Por ampla maioria (8 votos a 1), os ministros da Terceira Seção do Superior Tribunal de Justiça (STJ) decidiram que o Google deverá entregar dados indiscriminados de seus usuários às autoridades fluminenses encarregadas de apurar o assassinato da vereadora Marielle Franco e de seu motorista, Anderson Gomes. Foi uma decisão lastimável. O que o STJ fez foi compensar a incompetência da Polícia Civil e do Ministério Público do Rio de Janeiro para chegar aos mandantes do crime, passados dois anos e meio de investigações, com a flexibilização de direitos e garantias individuais protegidos pela Constituição.

É de alta relevância para o País o esclarecimento de um crime brutal que, a um só tempo, atentou contra a vida de duas pessoas e feriu a democracia representativa. Dois suspeitos de terem executado o crime já foram identificados e presos. Resta identificar, processar e julgar o(s) mandante(s). Só o deslinde do caso trará algum conforto aos familiares e amigos das vítimas e tranquilizará a Nação. Mas a premência por respostas não pode servir de justificativa para o atropelo da boa técnica investigativa e, principalmente, de valores democráticos resguardados pela Lei Maior. Em outras palavras: o bom término de uma investigação criminal não basta por si só. Os meios em que ela se dá têm importância fundamental em um país que se pretende sério.

Em fevereiro de 2019, quase um ano após os assassinatos, a 4.ª Vara Criminal da Comarca do Rio de Janeiro determinou que o Google fornecesse às autoridades informações sobre quem teria transitado por certos locais da capital fluminense. Pela decisão, a empresa foi obrigada a informar a exata localização de acessos e o conteúdo de buscas feitas em sua ferramenta a partir de telefones celulares naquele determinado perímetro. Quaisquer telefones, não os que seriam de suspeitos do crime. O Google recorreu da decisão sob a correta alegação de que a ordem dada pela Justiça do

Rio era demasiado ampla e genérica, o que fere preceitos constitucionais e dispositivos do Marco Civil da Internet. O caso chegou ao STJ, que manteve o entendimento da Justiça fluminense. Com novo recurso anunciado pelo Google, poderá chegar ao Supremo Tribunal Federal (STF). E se assim for, é vital que a Corte Suprema cumpra seu papel de garantidora da ordem constitucional e restabeleça o direito à privacidade daqueles que nada têm a ver com o crime.

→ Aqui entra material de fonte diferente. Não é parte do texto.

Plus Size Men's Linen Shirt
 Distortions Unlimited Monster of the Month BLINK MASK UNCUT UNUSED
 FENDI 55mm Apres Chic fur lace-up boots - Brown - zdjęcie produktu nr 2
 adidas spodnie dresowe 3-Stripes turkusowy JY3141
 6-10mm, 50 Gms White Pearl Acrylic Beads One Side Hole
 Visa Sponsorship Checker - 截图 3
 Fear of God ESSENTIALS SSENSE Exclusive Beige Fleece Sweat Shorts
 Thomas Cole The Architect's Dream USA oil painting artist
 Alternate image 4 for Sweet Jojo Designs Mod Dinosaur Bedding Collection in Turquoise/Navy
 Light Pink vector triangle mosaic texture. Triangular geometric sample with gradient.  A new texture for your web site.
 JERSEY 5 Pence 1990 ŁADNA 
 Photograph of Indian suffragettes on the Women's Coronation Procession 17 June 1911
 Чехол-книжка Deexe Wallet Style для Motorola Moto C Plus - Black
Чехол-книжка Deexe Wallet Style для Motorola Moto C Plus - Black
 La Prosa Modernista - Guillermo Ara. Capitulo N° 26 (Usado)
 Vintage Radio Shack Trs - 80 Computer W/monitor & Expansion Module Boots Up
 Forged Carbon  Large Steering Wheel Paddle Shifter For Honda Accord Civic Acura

Custa crer que, com tantos recursos empenhados em uma investigação de repercussão mundial, as autoridades responsáveis pela elucidação do assassinato de Marielle Franco e de Anderson Gomes dependam tão fundamentalmente da consulta aos registros de um buscador na internet. Parece bastante claro que o crime não foi cometido por gente tão amadora.

Segundo o ministro Rogério Schietti, relator do caso no STJ, "em uma sociedade na qual a informação é compartilhada cada vez com maior velocidade, nada mais natural do que a preocupação dos indivíduos em assegurar que os fatos inerentes à sua vida pessoal sejam protegidos, mas é preciso ter em mente que o direito ao sigilo não é absoluto, admitindo-se a sua restrição quando imprescindível para o interesse público". É evidente que sim, mas a restrição de que se trata aqui deve recair sobre os direitos dos suspeitos, não de quaisquer outros cidadãos. Apenas o ministro Sebastião Reis zelou pelas garantias individuais. "Não há delimitação de público-alvo, não há sequer área determinada." Quem quer que tenha buscado o nome da vereadora Marielle Franco em certas datas pode ser alvo de investigação. Isso é um absurdo.

A Polícia Civil e o Ministério Público do Rio não fazem ideia de quem possa ter mandado matar a vereadora? Só isso pode explicar o recurso a essa espécie de "pescaria" indiscriminada, uma flexibilização de direitos que, a pretexto de elucidar um grave crime, abre um perigoso precedente.

As autoridades fluminenses devem respostas ao País. E a Justiça deve garantir que elas sejam dadas de acordo com as leis e a Constituição.